[Required action]:
Up to and including the line that contains "Attēlu rezultāti vaicājumam", repeat each line of the data exactly, starting from the first.

[Web page caption snippets]:
=== Begin Enclosure ===

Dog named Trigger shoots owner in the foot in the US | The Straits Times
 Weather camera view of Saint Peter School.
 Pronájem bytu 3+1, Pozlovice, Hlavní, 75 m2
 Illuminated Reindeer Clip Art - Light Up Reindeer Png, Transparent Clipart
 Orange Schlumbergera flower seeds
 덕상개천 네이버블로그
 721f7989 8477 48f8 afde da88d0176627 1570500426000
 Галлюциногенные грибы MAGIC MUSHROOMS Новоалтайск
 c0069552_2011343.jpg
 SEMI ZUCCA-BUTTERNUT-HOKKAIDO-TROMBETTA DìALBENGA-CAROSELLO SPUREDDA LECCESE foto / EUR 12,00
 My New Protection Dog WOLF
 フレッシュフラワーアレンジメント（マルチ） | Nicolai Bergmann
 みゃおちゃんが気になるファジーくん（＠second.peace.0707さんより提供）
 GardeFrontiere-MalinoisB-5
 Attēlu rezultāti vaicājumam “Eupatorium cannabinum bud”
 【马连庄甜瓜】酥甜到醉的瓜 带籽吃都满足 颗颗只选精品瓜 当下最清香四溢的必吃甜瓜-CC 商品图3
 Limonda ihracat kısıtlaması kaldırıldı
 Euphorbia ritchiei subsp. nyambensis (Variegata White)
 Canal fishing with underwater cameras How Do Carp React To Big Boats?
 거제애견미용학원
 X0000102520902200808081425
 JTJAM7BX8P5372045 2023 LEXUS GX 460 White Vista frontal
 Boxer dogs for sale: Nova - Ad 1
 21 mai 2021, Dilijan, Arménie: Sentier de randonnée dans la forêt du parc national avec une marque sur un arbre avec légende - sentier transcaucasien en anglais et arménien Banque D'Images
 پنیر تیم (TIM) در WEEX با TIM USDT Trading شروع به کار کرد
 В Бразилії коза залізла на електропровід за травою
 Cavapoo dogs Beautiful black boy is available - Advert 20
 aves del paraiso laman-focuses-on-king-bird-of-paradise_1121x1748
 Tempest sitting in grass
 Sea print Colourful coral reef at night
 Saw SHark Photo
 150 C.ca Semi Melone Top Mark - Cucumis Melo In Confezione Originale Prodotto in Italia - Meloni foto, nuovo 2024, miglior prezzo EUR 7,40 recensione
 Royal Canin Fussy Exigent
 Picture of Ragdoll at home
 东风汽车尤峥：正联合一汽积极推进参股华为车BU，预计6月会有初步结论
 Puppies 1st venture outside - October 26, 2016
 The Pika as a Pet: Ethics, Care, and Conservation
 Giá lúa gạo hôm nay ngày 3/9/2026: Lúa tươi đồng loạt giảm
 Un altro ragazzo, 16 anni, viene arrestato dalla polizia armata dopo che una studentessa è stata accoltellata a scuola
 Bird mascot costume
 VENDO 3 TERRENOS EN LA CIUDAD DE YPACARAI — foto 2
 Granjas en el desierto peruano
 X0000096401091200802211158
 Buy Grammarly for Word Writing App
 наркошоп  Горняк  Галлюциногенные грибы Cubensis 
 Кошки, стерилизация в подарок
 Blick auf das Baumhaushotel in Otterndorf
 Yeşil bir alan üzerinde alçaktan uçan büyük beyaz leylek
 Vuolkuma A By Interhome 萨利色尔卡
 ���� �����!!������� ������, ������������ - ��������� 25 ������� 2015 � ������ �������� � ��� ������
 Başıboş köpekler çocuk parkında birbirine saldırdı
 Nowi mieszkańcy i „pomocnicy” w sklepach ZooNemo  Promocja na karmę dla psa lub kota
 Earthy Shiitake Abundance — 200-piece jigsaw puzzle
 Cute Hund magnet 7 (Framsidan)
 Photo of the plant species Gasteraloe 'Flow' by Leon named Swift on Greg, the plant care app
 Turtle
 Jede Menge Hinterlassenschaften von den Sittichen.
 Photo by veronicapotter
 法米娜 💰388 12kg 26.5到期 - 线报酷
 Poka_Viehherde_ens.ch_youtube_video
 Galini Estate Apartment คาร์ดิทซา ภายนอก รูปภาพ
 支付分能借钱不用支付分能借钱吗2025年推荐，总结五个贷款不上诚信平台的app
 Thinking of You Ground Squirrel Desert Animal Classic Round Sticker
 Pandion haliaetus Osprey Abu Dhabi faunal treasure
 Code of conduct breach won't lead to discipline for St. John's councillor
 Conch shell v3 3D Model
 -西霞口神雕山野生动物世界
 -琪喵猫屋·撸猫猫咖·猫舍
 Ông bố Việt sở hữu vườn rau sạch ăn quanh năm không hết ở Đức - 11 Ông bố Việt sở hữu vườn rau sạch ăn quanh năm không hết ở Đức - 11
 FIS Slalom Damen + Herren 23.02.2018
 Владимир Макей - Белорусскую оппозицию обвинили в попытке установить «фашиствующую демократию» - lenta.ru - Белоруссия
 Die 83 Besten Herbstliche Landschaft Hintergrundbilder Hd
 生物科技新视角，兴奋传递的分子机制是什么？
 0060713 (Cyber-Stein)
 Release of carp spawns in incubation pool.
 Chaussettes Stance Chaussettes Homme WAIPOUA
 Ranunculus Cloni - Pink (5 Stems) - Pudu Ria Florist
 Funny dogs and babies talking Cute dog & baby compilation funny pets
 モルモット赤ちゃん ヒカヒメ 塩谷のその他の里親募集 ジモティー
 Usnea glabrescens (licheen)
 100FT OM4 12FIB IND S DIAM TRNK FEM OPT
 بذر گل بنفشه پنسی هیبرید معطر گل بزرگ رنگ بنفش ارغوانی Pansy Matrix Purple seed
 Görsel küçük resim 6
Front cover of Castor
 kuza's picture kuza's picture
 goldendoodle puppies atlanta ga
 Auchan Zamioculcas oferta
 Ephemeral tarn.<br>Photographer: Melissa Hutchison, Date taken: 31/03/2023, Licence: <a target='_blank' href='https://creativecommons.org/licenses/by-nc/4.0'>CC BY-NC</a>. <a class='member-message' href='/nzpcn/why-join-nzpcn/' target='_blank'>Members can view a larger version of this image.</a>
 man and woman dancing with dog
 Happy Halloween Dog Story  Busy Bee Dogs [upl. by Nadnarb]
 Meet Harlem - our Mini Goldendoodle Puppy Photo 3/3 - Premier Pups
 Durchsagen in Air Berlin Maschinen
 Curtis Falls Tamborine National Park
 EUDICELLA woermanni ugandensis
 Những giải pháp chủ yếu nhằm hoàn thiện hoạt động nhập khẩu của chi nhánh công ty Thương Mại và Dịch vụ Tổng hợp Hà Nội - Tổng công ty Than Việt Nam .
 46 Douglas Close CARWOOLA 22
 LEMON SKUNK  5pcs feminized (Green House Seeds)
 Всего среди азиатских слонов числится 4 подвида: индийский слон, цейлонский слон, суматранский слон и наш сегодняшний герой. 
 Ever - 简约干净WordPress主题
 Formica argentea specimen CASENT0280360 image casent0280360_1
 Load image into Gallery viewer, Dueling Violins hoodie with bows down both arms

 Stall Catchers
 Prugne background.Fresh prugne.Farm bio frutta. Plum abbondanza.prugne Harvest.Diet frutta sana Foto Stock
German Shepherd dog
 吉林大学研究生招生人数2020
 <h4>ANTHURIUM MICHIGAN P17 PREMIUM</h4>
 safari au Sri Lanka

=== End Enclosure ===

[Exercise answer]:
Dog named Trigger shoots owner in the foot in the US | The Straits Times
 Weather camera view of Saint Peter School.
 Pronájem bytu 3+1, Pozlovice, Hlavní, 75 m2
 Illuminated Reindeer Clip Art - Light Up Reindeer Png, Transparent Clipart
 Orange Schlumbergera flower seeds
 덕상개천 네이버블로그
 721f7989 8477 48f8 afde da88d0176627 1570500426000
 Галлюциногенные грибы MAGIC MUSHROOMS Новоалтайск
 c0069552_2011343.jpg
 SEMI ZUCCA-BUTTERNUT-HOKKAIDO-TROMBETTA DìALBENGA-CAROSELLO SPUREDDA LECCESE foto / EUR 12,00
 My New Protection Dog WOLF
 フレッシュフラワーアレンジメント（マルチ） | Nicolai Bergmann
 みゃおちゃんが気になるファジーくん（＠second.peace.0707さんより提供）
 GardeFrontiere-MalinoisB-5
 Attēlu rezultāti vaicājumam “Eupatorium cannabinum bud”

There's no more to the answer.